The second reason is authors love it
If you’re an author, you often get the same boring questions when you are interviewed for a podcast. You want to know what they are? It goes a bit like this:
- Tell our audience a bit about yourself (Ok, so the interviewer didn’t do their homework)
- What caused you to write this book? (A valid question, but rather repetitive)
- Tell us a bit about the “seven red bags” (I’m referring to the elements described in The Brain Audit)
- Talk about Bag No.1
- Talk about Bag No.2
- Talk about Bag No.3 etc
- Tell us what you’re doing and your future plans
- Where can we find you (again a lack of homework).
This kind of podcast interview plays out over and over again, unless you jump into a la carte land
Imagine an interview that goes like this:
- The interviewer talks—not reads a script—about the interviewee and their background
- They ask a question like: So there are seven bags in The Brain Audit. Why does uniqueness matter so much?
- What are the big struggles with finding your uniqueness?
- What’s the best way to find and keep a uniqueness factor?
- Jumping into another red bag, why are testimonials so critical?
- What causes a testimonial to fall flat and not convert as well as it should?
- How do you easily get testimonials that are between 800-1500 words long?

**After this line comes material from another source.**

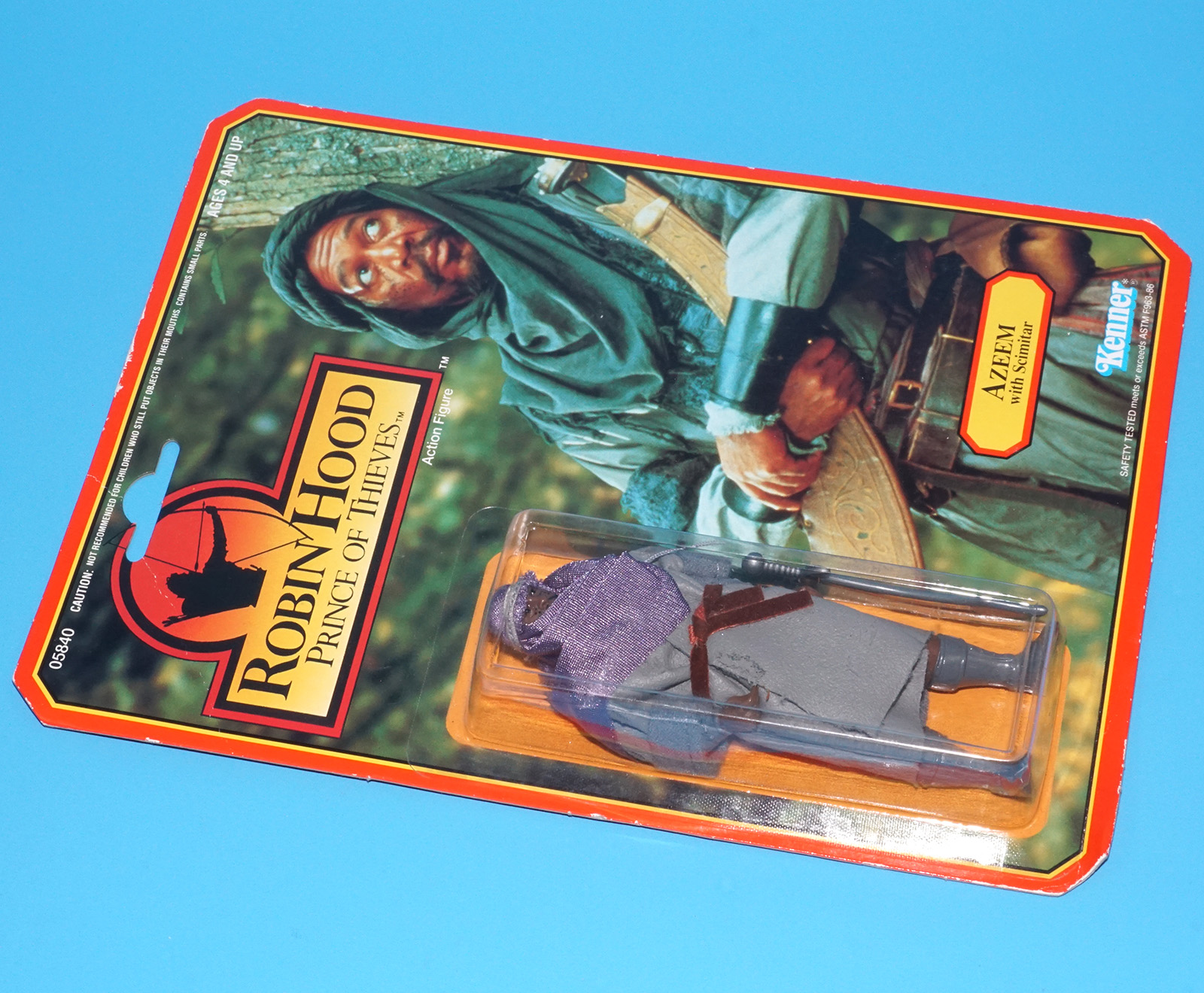 ROBIN HOOD PRINCE OF THIEVES AZEEM MOC MOSC US CARD 1991 KENNER - Image 3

- Moving to the third bag—and we’re still out of order: Target Profile. Why is target audience an issue?
- Why does a target profile interview bring astounding, even surprising results?
- Why do clients feel the target profile method is terribly risky?
- Tell us about the rest of the bags and why they matter.
- That was Sean from Psychotactics.com. You can find a very useful report called (name of report) that helps you (put in benefit here). Is there anything else you’d like our listeners to have, Sean?
What you’ve done is given the author a fun ride
They get to talk about their book in a way that most interviewers would never have approached. You’ll almost hear them beaming as you wrap up the interview. They’ll have immense respect for you as an interviewer and you can be sure you’ll be remembered among the hundreds of interviews they’ve done (yes, good authors do hundreds).
Ironically you’ve saved a lot of time and got a lot of respect
What’s even more interesting is you’ve come out looking like an expert, even though you may not be on top of the subject matter. And let’s face it, when you look at most interviewers on TV or radio, it’s not like they’re reading books all day. So even if you feel like a fraud, think of what professionals do, day in and day out.
When I first started my membership site, I wish I’d known this little strategy
Tactic? Strategy? Who knows, but it’s so easy, saves so much time and it works better than all the boring interview questions that you tend to have to wade through.
Starting a podcast is not easy
You have so much to do. There’s equipment, dealing with nerves, learning how to contact people and getting them to say yes. And there’s other stuff too. However, once you decide to get going, it’s always a great idea to start up an interview podcast. In the next installment, let’s find out just why it’s a good idea to do podcast interviews.
P.S. To start at the very beginning and work your way through the Podcasting 101 Series click here: How To Start A Podcast
Kitty Kilian says
Hahaha! That is an unusual and fun idea. It might work with books that explain systems, indeed.
Sean D'Souza says
It helps you focus, and it is a lot of fun. It’s better to learn something and go deep than just going wide.